Problems deciding if az- should have multiple registrations...
Addison Phillips [wM]
aphillips at webmethods.com
Fri Apr 11 13:27:59 CEST 2003
Well, I'm probably going to regret replying to this.
>
> I asked whether "az-Latn" and "az-Latn-AZ" differed in any way. If they
> do not, then the codes are duplicates.
Okay, but the argument has been presented that 3166 coded values are
registered to distinguish national or official languages. So:
1. Is 'az' the official or national language of 'AZ'? If yes then
register 'az-AZ'...
2. Is there a distinction between 'az-latn' and 'az-cyrl'? If yes, then
register 'az-latn' and 'az-cyrl'.
3. See #1. Repeat as needed.
>>
>> Locale identifiers are hobbled by a long term confusion with language
>> tags. Fixing locales requires either parallel changes to language tags
>> or divergence.
>
> Language tags are language tags, not locale tags. If the computer
> industry or some players in it have gunked-up software because
> programmers made erroneous assumptions about the structure of "locale"

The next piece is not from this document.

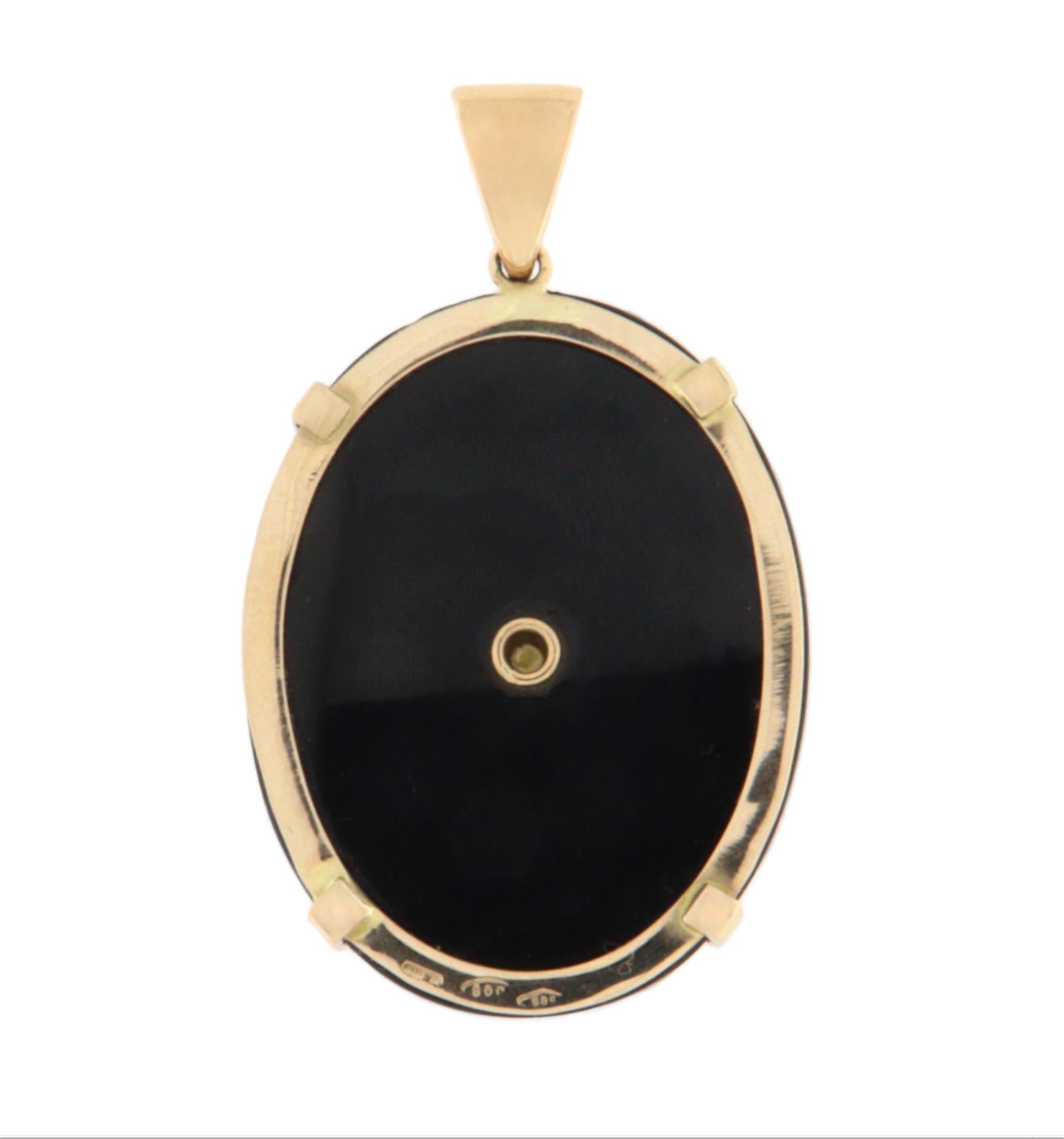 Artisan Onyx Diamonds 14 Karat Yellow Gold Pendant Necklace For Sale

> with regard to its elements, it is encumbant on the industry or those
> players to structure their software more accurately with regard to good
> localization and internationalization practice.
I'm not arguing that point. Only that fixing locales relies at least to
some extent on fixing language identifiers. I need a way to distinguish
'zh-Hant' from 'zh-Hans'. The best way to do that would be to get an
Official Language Tag because it is the language tag 'zh' that is
gunking things up, if you will.
>
>> If you examine the case for divergence (which is a case I've made
>> forcefully for the past year or so, so I've spent a lot of time
>> thinking about it), you eventually end up with problems related to the
>> fact that the language tag is necessarily part of the locale--and it
>> conflicts with portions of the locale ID designed to solve this same
>> problem.
>
> Language tags are there to tag languages. They are not there to solve
> everyone's locale problems.
But one thing language tags tag is software resources contained in
locales. Tagging those resources is a valid use, even by your
definition. I'm trying to solve locale interoperability problems and my
point is that introducing a field in the locale structure called
"script" is solving a problem that language tags really ought to, hence
this discussion. We can solve the problem separately or together.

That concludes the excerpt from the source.